--- Exercise brief ---
Look below for the line holding "Hetkrishi TRP6240 Torin" and the line holding "Creative Furniture Pulse". Repeat those two and everything between, exactly.

-- Data supplied follows --

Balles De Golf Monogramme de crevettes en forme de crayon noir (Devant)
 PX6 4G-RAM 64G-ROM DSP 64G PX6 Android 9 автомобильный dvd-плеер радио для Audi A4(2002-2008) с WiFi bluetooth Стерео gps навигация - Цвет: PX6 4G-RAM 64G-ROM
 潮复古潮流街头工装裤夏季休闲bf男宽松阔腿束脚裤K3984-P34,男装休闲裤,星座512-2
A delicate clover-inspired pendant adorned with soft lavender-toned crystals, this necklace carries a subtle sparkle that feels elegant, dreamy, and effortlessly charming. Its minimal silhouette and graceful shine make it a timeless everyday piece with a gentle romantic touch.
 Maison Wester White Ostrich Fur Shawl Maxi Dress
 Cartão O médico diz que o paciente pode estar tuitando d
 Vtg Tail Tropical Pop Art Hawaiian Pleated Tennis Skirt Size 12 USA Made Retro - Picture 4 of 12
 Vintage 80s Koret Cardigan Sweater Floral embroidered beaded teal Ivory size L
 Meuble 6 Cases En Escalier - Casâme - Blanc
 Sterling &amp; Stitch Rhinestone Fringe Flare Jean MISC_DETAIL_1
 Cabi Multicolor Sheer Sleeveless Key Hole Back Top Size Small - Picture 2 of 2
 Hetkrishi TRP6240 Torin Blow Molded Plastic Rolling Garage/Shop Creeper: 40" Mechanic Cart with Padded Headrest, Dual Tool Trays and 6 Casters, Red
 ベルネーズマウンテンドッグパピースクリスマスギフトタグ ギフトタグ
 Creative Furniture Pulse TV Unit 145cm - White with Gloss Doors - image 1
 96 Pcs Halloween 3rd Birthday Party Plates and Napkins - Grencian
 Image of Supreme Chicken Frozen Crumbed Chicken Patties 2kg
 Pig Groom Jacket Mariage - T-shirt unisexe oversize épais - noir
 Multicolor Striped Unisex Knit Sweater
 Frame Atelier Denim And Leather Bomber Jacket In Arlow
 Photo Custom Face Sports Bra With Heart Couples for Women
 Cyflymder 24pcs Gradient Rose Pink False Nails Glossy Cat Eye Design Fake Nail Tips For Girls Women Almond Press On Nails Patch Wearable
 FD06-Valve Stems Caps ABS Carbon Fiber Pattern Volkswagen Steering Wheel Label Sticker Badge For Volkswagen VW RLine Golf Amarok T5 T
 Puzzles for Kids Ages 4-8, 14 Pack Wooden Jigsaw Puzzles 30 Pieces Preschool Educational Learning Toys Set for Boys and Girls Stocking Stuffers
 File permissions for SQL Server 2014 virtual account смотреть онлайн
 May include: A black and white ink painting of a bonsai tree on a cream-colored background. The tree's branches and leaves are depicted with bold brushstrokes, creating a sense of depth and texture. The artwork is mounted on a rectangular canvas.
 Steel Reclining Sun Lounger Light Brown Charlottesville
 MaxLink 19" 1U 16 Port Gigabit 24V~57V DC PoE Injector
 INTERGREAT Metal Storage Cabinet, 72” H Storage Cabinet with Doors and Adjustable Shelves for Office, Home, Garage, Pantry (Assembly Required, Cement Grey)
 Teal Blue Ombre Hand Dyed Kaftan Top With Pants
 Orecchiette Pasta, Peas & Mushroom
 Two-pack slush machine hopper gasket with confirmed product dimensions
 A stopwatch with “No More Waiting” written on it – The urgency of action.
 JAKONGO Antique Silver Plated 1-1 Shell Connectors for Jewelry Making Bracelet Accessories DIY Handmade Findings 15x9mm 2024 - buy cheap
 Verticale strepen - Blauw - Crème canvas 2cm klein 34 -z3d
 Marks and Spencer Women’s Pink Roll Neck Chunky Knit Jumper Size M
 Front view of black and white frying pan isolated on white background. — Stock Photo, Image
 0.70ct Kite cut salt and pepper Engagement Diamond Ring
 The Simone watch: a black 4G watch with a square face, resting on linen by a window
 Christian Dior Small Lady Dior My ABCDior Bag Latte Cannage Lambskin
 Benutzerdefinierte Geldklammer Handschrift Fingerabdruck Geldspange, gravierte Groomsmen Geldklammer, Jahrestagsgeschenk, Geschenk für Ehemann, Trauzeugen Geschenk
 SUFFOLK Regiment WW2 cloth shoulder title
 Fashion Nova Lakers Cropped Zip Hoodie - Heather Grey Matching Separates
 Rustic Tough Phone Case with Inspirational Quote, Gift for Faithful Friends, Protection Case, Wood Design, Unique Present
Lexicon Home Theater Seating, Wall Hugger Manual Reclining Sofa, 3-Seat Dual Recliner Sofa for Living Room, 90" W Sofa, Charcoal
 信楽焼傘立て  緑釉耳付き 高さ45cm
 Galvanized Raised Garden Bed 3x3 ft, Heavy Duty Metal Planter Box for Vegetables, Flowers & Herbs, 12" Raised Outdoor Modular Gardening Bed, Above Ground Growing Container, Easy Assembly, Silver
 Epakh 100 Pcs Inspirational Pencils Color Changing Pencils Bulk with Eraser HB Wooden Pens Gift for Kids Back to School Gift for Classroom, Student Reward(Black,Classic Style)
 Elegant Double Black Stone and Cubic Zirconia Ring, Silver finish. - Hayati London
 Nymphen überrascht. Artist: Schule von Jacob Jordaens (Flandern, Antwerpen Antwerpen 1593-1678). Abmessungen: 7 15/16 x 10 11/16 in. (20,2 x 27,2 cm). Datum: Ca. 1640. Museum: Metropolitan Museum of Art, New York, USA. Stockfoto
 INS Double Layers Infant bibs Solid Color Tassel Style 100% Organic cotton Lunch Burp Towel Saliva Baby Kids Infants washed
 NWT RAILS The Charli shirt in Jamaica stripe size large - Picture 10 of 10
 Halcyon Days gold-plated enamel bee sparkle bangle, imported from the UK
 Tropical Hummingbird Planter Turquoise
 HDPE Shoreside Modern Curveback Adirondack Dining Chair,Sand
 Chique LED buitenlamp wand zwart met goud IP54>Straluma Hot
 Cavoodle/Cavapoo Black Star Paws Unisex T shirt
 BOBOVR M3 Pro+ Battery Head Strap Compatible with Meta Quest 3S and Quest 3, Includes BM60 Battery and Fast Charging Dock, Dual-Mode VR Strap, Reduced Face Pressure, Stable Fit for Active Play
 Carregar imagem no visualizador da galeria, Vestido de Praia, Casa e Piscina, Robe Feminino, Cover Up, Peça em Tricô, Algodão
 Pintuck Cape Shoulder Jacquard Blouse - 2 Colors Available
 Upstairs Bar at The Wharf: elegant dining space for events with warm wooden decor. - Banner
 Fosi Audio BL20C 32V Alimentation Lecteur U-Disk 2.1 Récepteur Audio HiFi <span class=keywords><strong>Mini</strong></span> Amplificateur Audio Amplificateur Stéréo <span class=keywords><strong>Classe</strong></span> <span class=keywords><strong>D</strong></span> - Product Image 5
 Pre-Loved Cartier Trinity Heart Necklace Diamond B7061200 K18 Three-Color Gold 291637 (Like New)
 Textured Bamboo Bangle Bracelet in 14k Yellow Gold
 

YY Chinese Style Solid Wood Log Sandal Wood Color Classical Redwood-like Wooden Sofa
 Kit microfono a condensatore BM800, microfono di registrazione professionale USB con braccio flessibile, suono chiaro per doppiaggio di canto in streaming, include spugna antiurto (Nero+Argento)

-- Data supplied concluded --

--- Written answer ---
 Hetkrishi TRP6240 Torin Blow Molded Plastic Rolling Garage/Shop Creeper: 40" Mechanic Cart with Padded Headrest, Dual Tool Trays and 6 Casters, Red
 ベルネーズマウンテンドッグパピースクリスマスギフトタグ ギフトタグ
 Creative Furniture Pulse TV Unit 145cm - White with Gloss Doors - image 1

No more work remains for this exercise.